BRIEF DESCRIPTION OF THE DRAWINGS

The invention may best be understood by reference to the following description taken in conjunction with the accompanying drawings in which:

FIG. 1 is a perspective view of a building panel according to an exemplary embodiment of the present invention.

FIG. 2 is a top view of the panel of FIG. 1.

FIG. 3 is a front view of the panel of FIG. 1.

FIG. 4 is an enlarged schematic view of an edge profile of the panel of FIG. 1.

FIG. 5 is a perspective view of a building incorporating the panel of FIG. 1, according to an exemplary embodiment of the present invention.

FIG. 6 is a cross-sectional view of the building of FIG. 5, taken along line 6-6.

FIG. 7 is a cross-sectional view of the building of FIG. 5, taken along line 7-7.

FIG. 8 is a side view of the fin and beam construction of the building of FIG. 5.

FIG. 9 is a top view of the building of FIG. 5.

FIG. 10 is a cross-sectional view of the building of FIG. 9, taken along line 10-10.

FIG. 11 is a cross-sectional view of the building of FIG. 9, taken along line 11-11.

FIG. 12 is a perspective view of the roof of the building of FIG. 5.

FIG. 13 is a schematic top view of the roof of the building of FIG. 5.

FIG. 14 is a side view of a first roof panel of the roof of the building of FIG. 5.

FIG. 15 is a top view thereof.

FIG. 16 is a side view of a second roof panel of the roof of the building of FIG. 5.

FIG. 17 is a top view thereof.

FIG. 18 is an expanded reference view of the building of FIG. 5.

DETAILED DESCRIPTION OF THE INVENTION

The following detailed description of exemplary embodiments of the present invention refers to the accompanying figures that illustrate the exemplary embodiments. Other embodiments are possible and may fall within the scope of the present invention. Modifications can be made to the exemplary embodiments described herein without departing from the spirit and scope of the present invention. Therefore, the following detailed description is not meant to be limiting. Further, it would be apparent to one of skill in the art that the exemplary embodiments described below can be implemented in many different embodiments. Any actual embodiment described is not intended to be limiting. The operation and behavior of the exemplary embodiments presented are described with the understanding that various modifications and variations of the exemplary embodiments may be within the scope of the present invention.

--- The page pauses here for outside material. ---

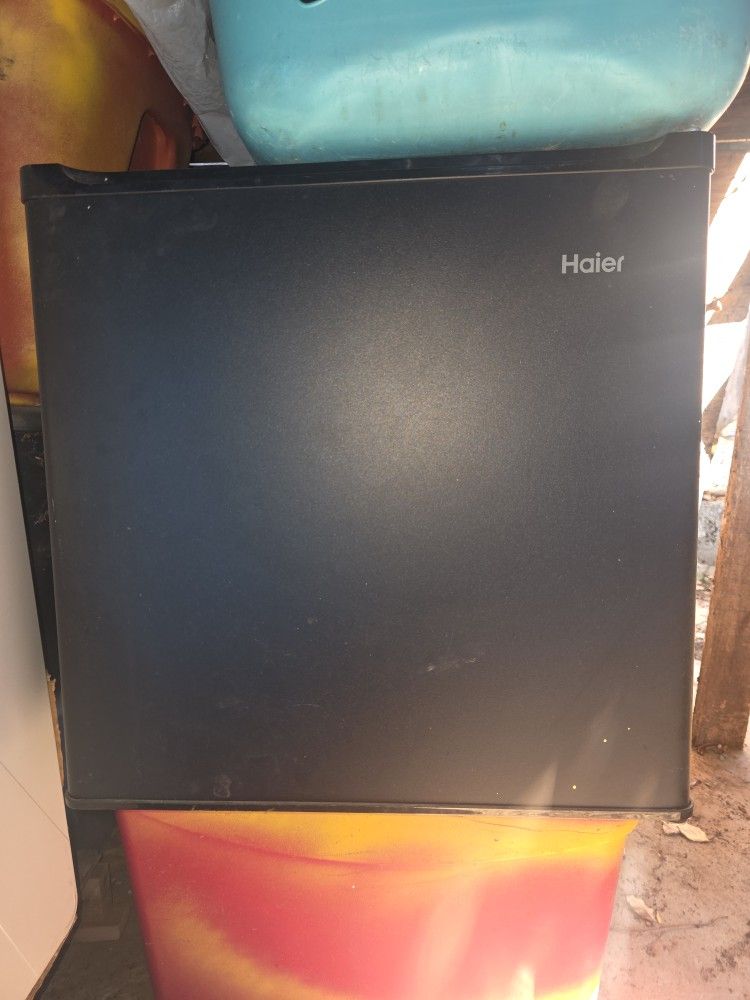 Haier  Mini Fridge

FIG. 1 is a perspective view of a building panel 100 according to an exemplary embodiment of the present invention, FIG. 2 is a top view of panel 100, and FIG. 3 is a front view of panel 100. Panel 100 may include two short sides 110, two long sides 120, an inner surface 132, and an outer surface 134.

Panel 100 may be formed of a single, or monolithic, glass piece, including a glass piece having a layered or laminate structure. The glass used to form panel 100 may be a tempered, low iron glass. Panel 100 may be formed of multiple layers of glass so as to form a laminated structure. Such an exemplary embodiment is described in greater detail below with reference to FIG. 4. Depending on the properties of the materials used to form panel 100, it may be substantially transparent, but may alternatively be formed to be translucent or opaque, or variants thereof.

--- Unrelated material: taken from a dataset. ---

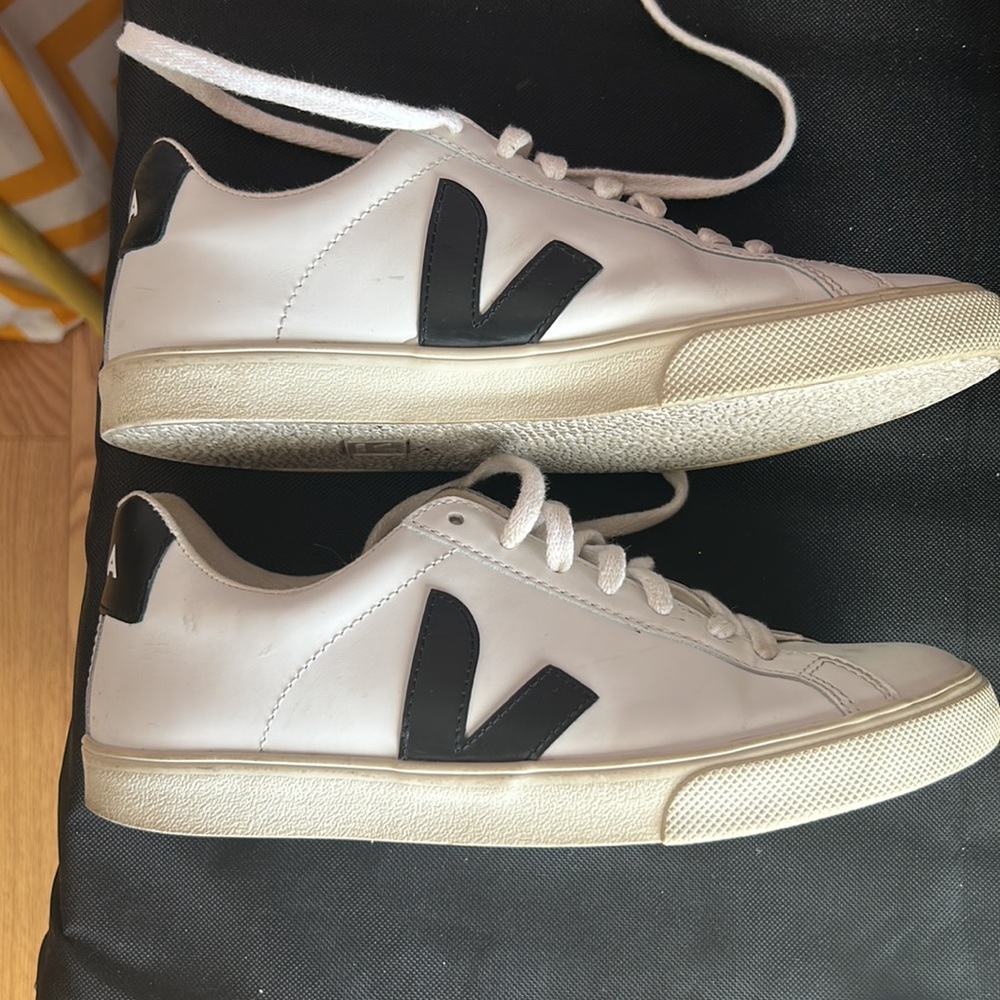Veja gently worn women’s sneakers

U.S. Pat. No. 7,765,362 to Jobs et al., issued Jan. 23, 2007, describes laminated glass structures, and is incorporated by reference herein in its entirety.

Short sides 110 may be curved to form a circular arc shape and may be positioned parallel to each other and perpendicular to long sides 120, so as to extend substantially in a width direction with respect to panel 100. “Circular arc”, as used herein, may refer to a segment of the circumference of a circle. Long sides 120 may be straight and may be positioned parallel to each other and perpendicular to short sides 110 so as to extend in a height direction with respect to panel 100. Short sides 110 and long sides 120 may be positioned such that panel 100 appears substantially rectangular in shape when viewed from the front (as, for example, in FIG. 3). Long sides 120 may have a length L1 where L1 is, for example, greater than 26′ (e.g., 39′1 7/16″, 40′, 40′10 3/16″, 41′2 19/32″, or 45′).

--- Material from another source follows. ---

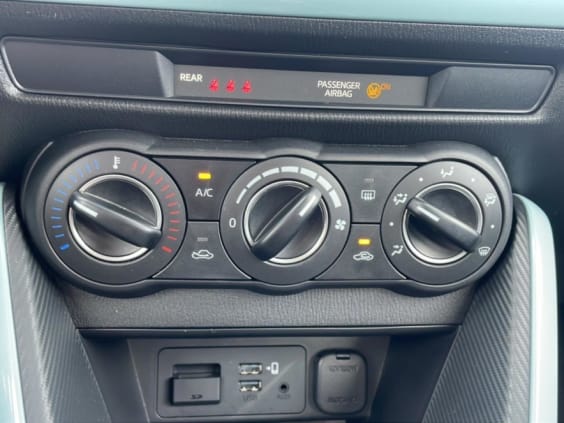 Mazda MAZDA2 1.5 e-skyactiv-g 90 centre-line Blanc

Short sides 120, due to their circular arc shape, may have an inner edge arc, corresponding to inner surface 132, and an outer edge arc, corresponding to outer surface 134. The inner edge arc and the outer edge arc share the same center point, and subtend the same angle θ1. The inner edge arc has an inner radius r1 with respect to the shared center point, and the outer edge arc has an outer radius r2 with respect to the shared center point. Short sides 120 have an arc length corresponding to each of inner radius r1 and outer radius r2. A thickness T1 of panel 100 may be the difference between outer radius r2 and inner radius r1.

In an exemplary embodiment, angle θ1 may, for example, be 30°, inner radius r1 or outer radius r2 may be between 15′ and 17′ (e.g., inner radius r1 may, be 16′1 13/16″ and outer radius r2 may be 16′3″), and thickness T may be, for example, between 0.5″ and 4″ (e.g., 1 3/16″). In some exemplary embodiments, short sides 120 may have an arc length of, for example, between 8′ and 9′ (e.g., 8′5½″), which may correspond to inner radius r1, outer radius r2, or any length in between.

Inner surface 132 and outside surface 134 may maintain a constant profile throughout a length of panel 100, the constant profile corresponding to the circular arc shape of short sides 110.

FIG. 4 is an enlarged schematic view of an edge profile of the panel of FIG. 1. As discussed above, panel 100 may be composed of multiple layers. Such layers may include an outer surface layer 136A corresponding to outer surface 134 and an inner surface layer 136C corresponding to inner surface 132. Panel 100 may further include intervening layer 136B. Layers 136A and 136C may be made of glass and layer 136 B may be made of an adhesive. Layers 136A through 136C may be formed together through, for example, a laminating process while in a substantially flat state, and may acquire their arc shape through a slumping process by heating panel 100 over a mold.

In some exemplary embodiments, a layer of adhesive (corresponding to layer 136B in FIG. 4) is disposed between adjacent glass layers. The adhesive is preferably transparent. Any suitable adhesive may be used as would be apparent to one of skill in the art. For example, the adhesive may be polyvinyl butyral (PVB) or an adhesive such as that known as SentryGlas® Plus (SGP) interlayer, manufactured by Dupont of Wilmington, Del. Each of layers 136A through 136C may have a thickness independent of the others of layers 136A through 136C. In some exemplary embodiments, layers 136A and 136C have an identical thickness, and layer 136B has a thickness less than that of layers 136A and 136C. For example, the thickness of layers 136A and 136C may be 9/16″, and the thickness of layer 136B may be 1/16″.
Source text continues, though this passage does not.